-- Exercise materials follows --
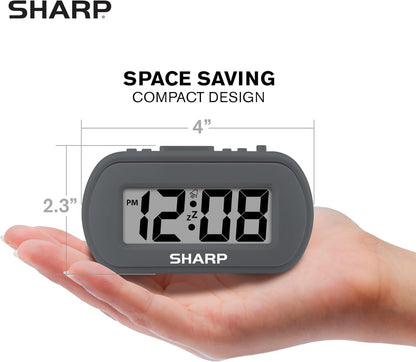Sharp Battery Alarm Clock, Soft-Touch Case and Backlight, Charcoal Black | Soft-touch rubberized case; Battery operated; Blue backlight on demand; Ascending alarm; Snooze; Easy to use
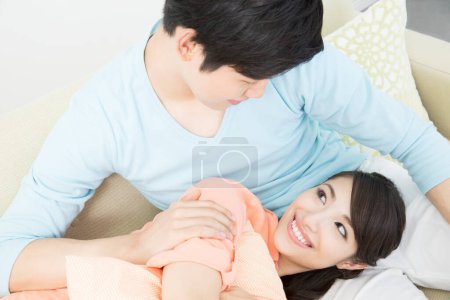 Photo for Young asian family relaxing together on sofa at home - Royalty Free Image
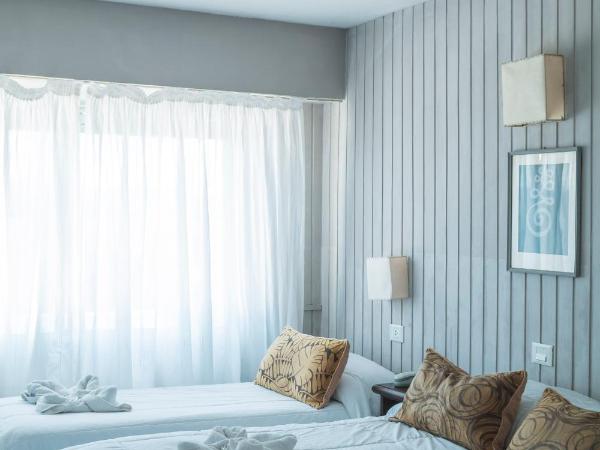 Tangoinn Club Hotel : photo 7 de la chambre chambre triple - vue sur lac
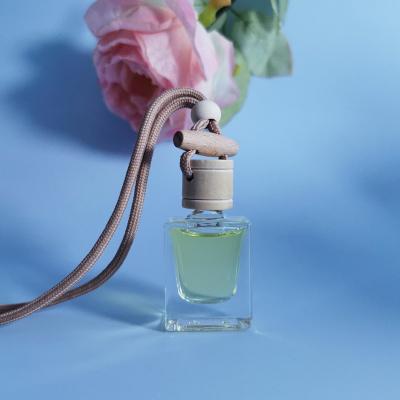 China Hanging Car 11ml Cosmetic Essential Oil Perfume Aromatherapy Diffuser Bottle Hanging Empty Diffuser Bottle for sale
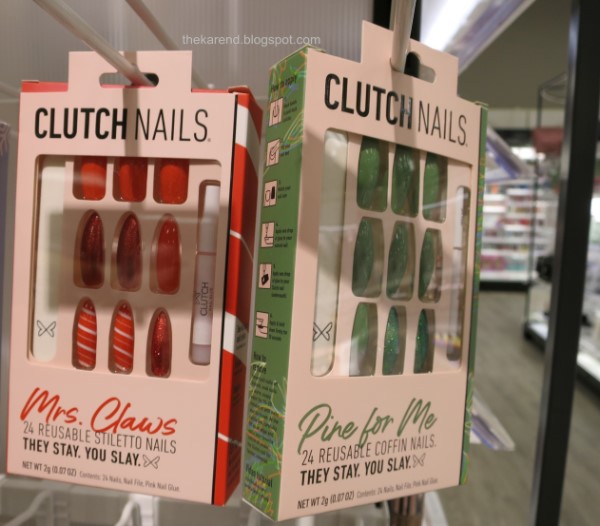 Clutch Nails fake nail sets on display, one red and one green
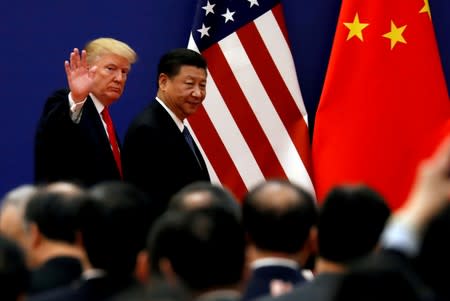 U.S. President Donald Trump and China's President Xi Jinping meet business leaders at the Great Hall of the People in Beijing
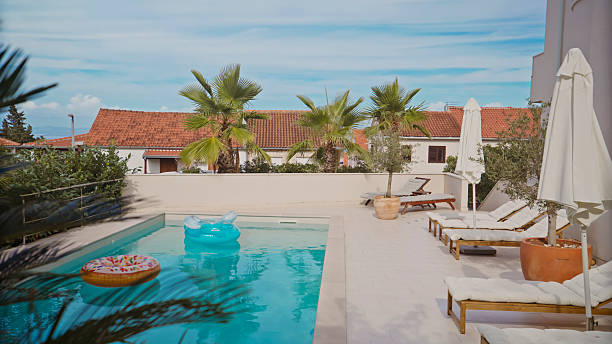 istock Sunny Private Pool with Palm Trees and Lounge Chairs on a Relaxing Day 2203789933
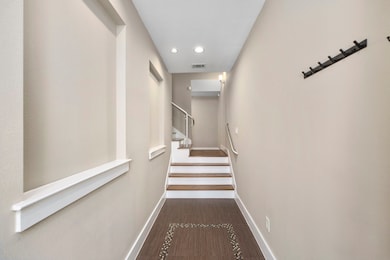 The entryway features custom paint and beautiful f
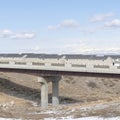 Square crop Concrete bridge and houses on snowy neighborhood in South Jordan City in winter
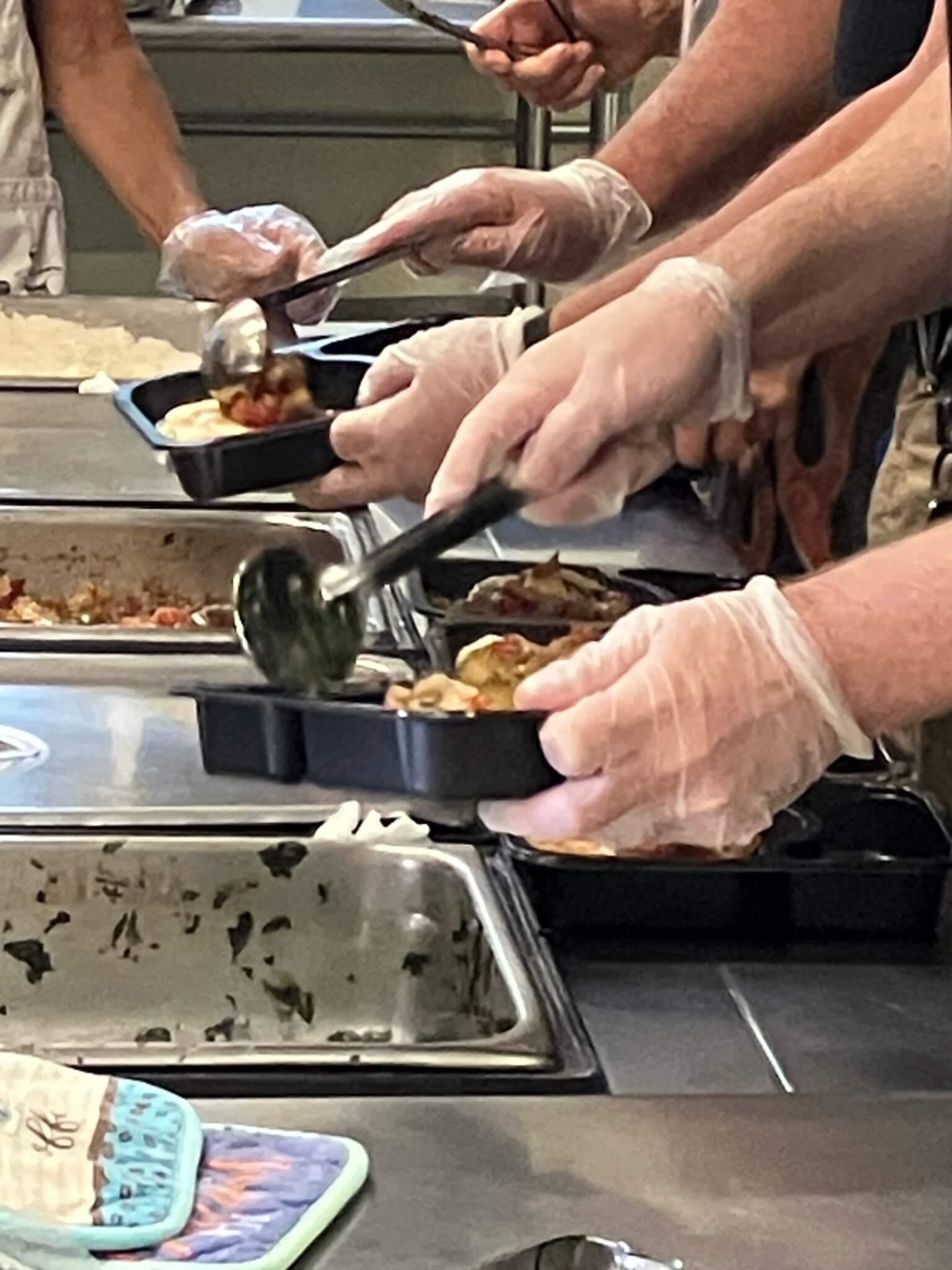 Many gloved hands dishing food into Meals on Wheels trays.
-- Exercise materials concluded --
◆ Work instruction: Please retype, exactly as they appear, the lines from the one with "Photo for Young" through the final line of the material, both included, and drop any pictures.

◆ Solution to this task:
 Photo for Young asian family relaxing together on sofa at home - Royalty Free Image
 Tangoinn Club Hotel : photo 7 de la chambre chambre triple - vue sur lac
 China Hanging Car 11ml Cosmetic Essential Oil Perfume Aromatherapy Diffuser Bottle Hanging Empty Diffuser Bottle for sale
 Clutch Nails fake nail sets on display, one red and one green
 U.S. President Donald Trump and China's President Xi Jinping meet business leaders at the Great Hall of the People in Beijing
 istock Sunny Private Pool with Palm Trees and Lounge Chairs on a Relaxing Day 2203789933
 The entryway features custom paint and beautiful f
 Square crop Concrete bridge and houses on snowy neighborhood in South Jordan City in winter
 Many gloved hands dishing food into Meals on Wheels trays.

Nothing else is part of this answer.